On s'appuie sur ce que l'on a et on commence par faire des observations. Dans le cas du coronavirus, il s'agissait avant tout de compter les cas. Le fait que la Johns Hopkins University, une université privée de Baltimore dans le Maryland, ait joué un rôle de pionnier à cet égard en collectant soigneusement les nombres de cas dans le monde constitue certainement une entreprise louable, mais au final, les nombres de cas ne permettent pas vraiment de progresser. Ils ne sont comparables, par exemple entre les pays, que s'ils sont partout collectés de la même façon. Or ce n'est tout simplement pas le cas concernant le coronavirus, même aujourd'hui, et personne ne sait même approximativement quels sont les chiffres réels dans les différents pays. Pourtant les nombres de cas jouent un rôle essentiel dans les médias et de plus en plus aussi au plan politique.
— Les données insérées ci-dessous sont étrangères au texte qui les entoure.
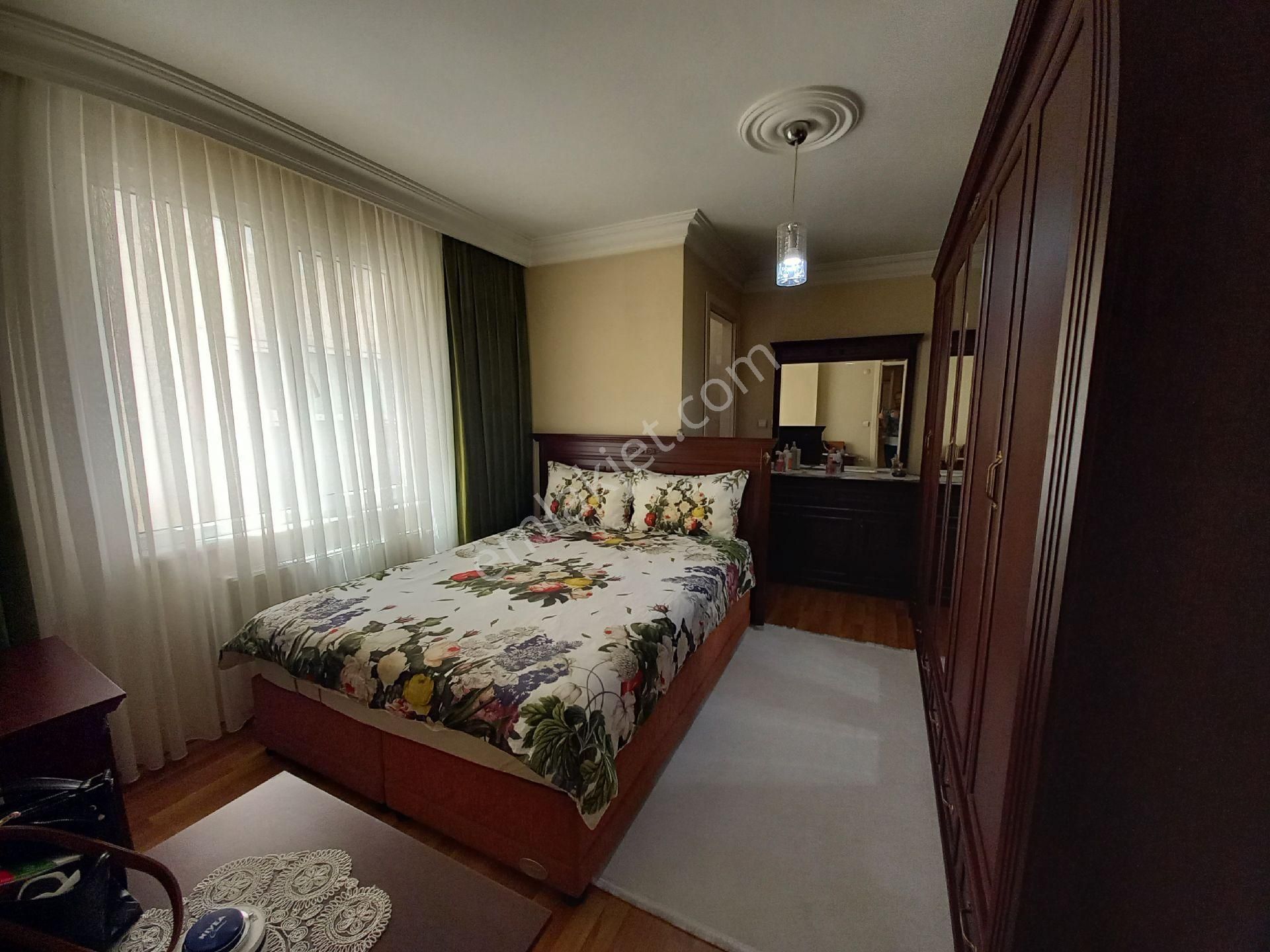 Bahçelievler Yenibosna Zafer Mah Satılık Daire Kat. 1.3+1 - Görsel 14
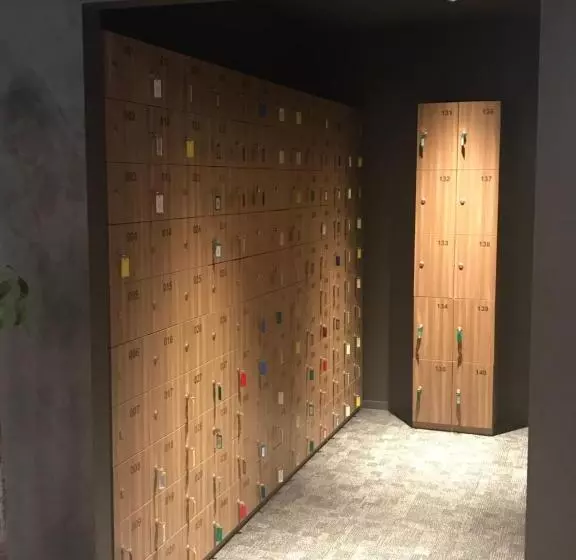 カプセルホテル Y S Cabin&hotel Naha Kokusai Street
Partout dans le monde, les politiciens se sont appuyés sur ces chiffres, ceux-ci formaient en effet la seule base à peu près quantifiable pour prendre des décisions lourdes de conséquences, telles que les interdictions de sortie et un lockdown partiel ou presque complet de l'économie, selon le pays. Le redémarrage actuel de l'économie et la levée des restrictions de sortie sont également justifiés par ces fameux chiffres. Et ils pourraient aussi prochainement servir à un nouveau durcissement, au cas où la courbe ne s'aplanirait pas comme souhaité.

 

Deux camps

Il reste à voir si elle s'aplanira effectivement au point que nous pourrons revivre tout à fait normalement, comme avant le coronavirus. Nous ne pourrons cependant pas continuer à vivre de façon totalement normale. Pour cela, l'événement a été trop marquant, perceptible pour tous. Il nous a contraints à garder nos distances et nous a progressivement scindés en deux camps. L'un de ces camps estime qu'«il ne m'arrivera rien ou pas grand-chose», l'autre est plutôt marqué par la crainte. Or ni le fatalisme, ni la peur du risque ne sont de bons moteurs pour un redémarrage réussi. Les deux réactions sont certes humaines, mais elles sont impossibles à concilier. Personne ne peut non plus prédire quelle est la meilleure réaction des deux. Ainsi, les gens ont opté pour l'une ou l'autre voie. Ils le font sans aucun fondement, sans données ni connaissances, susceptibles de déclencher leur action. L'émotion pure supplante le raisonnement. Et pourquoi, qui sait de quoi l'avenir sera fait, hormis quelques prévisionnistes incorrigibles, dont je fais partie depuis de nombreuses années? Nous, les économistes, avions toutes sortes de données tout au long de ces années, sans compter des modèles incroyablement malins, émaillés d'hypothèses confortées par de longues discussions et pourtant les erreurs de prévisions étaient toujours effroyables. Il n'empêche que la prévision est toujours l'une des disciplines phares de l'économie, car l'intérêt pour les prédictions est grand. La demande crée en quelque sorte l'offre. S'il n'y a pas le moindre indice de ce qui se passera à l'avenir, nous recourrons en économie à des scénarios qui semblent tous relativement plausibles, mais dont nous ne pouvons pas quantifier la probabilité de survenance. Nous utilisons par conséquent l'expression de «forte opinion». Quand un analyste vedette recommande l'achat d'une action, il a une «forte opinion (positive)» concernant l'entreprise. Depuis le coronavirus, nous sommes tous devenus des prévisionnistes. Nous avons tous une forte opinion. Mon aîné a par exemple une très forte opinion que nous pourrions lentement recommander à faire la fête. Ma tante est en revanche convaincue qu'elle va se contaminer si elle sort et ne se risque pratiquement plus hors de chez elle. Deux scénarios d'avenir totalement différents, selon le camp dans lequel le coronavirus nous a poussés.